Additionally, about $16 million (US$99,000) was "secured by corporate Jamaica" to pay the leading public relations (PR) agency in London, Finn Partners, for public relations, media relations, and thought leadership services.

We are not satisfied that a "clean, transparent, principled campaign that met the standards of accountability" was achieved.

Jamaica is a signatory to the Open Government Partnership, a multilateral initiative that aims to secure concrete commitments from national and sub-national governments to promote open government, empower citizens, fight corruption, and harness new technologies to strengthen governance. According to the global Open Government Accountability Standards, accountability mechanisms require that public officials "give account for their actions, providing reasoned and evidence-based justifications for policy and programme decisions…To this end, sufficient information must be provided to permit ongoing public scrutiny of the actions of public bodies".

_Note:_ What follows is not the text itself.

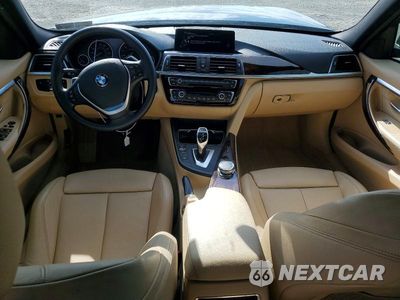 Zdjęcie 8 z 12 samochodu: 2016 BMW 328 XI SULEV VIN:WBA8E3G5XGNT77176 - miniatura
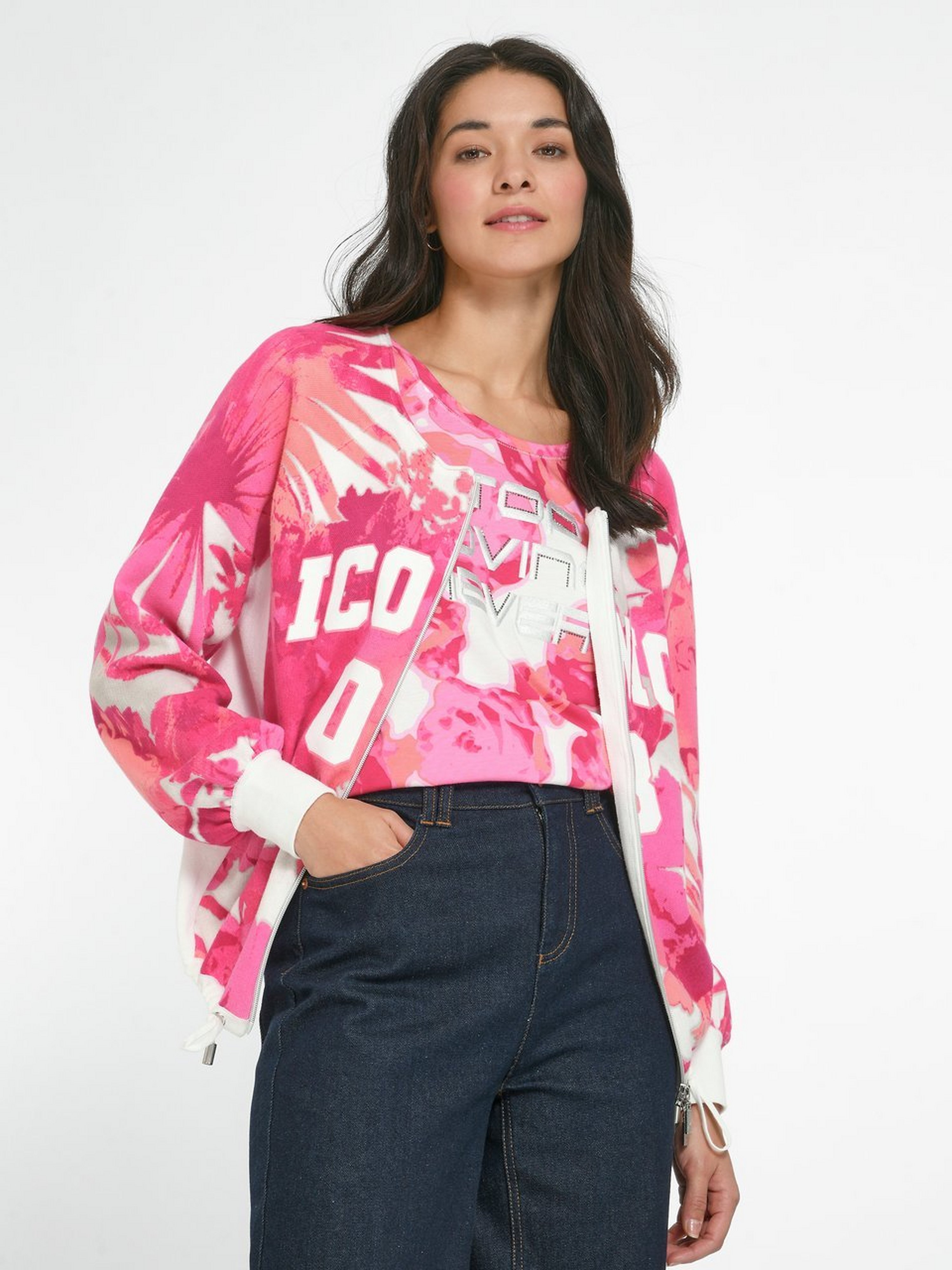 Strickjacke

Using this standard, we are of the view that insufficient information has been provided to permit adequate public scrutiny of the campaign expenses. This raises several questions and concerns, including the following:

1) What exactly was the amount spent on the "usual outlays associated with the lobbying activities

for high-level candidatures" of the Ministry of Foreign Affairs and Foreign Trade?

2) There is no indication of whether the campaign expenditure exceeded the approved budgetary allocations.

We note that Information Minister Nesta Morgan told the public during an interview on Nationwide News Network on June 6, 2022 that the Office of the Prime Minister had provided a budget of $3 million to $4 million to spend on government communications. If spending exceeded approved budget line items, what variations were made from other budget lines, and what are the implications of these changes?

3) No dates were provided for the period of the expenditure. Is it from April 2022 when the campaign was launched in London or before April 2022 to include pre-launch planning expenditures?

4) O'Dwyer's reported in an article entitled 'Jamaica's foreign minister taps Finn Partners' that, "Johnson Smith has travelled to African Commonwealth nations, including Nigeria, Botswana, Tanzania, and Ghana, to press her bid that reportedly has backing from the UK and India."

Were these trips primarily for the campaign for which they provided services? Were the seven African countries, visited in 10 days, part of "already established travel plans and engagements?" If so, what foreign policy objective was being pursued and what was achieved? Who travelled with the minister? Were civil servants involved in the campaign or other people?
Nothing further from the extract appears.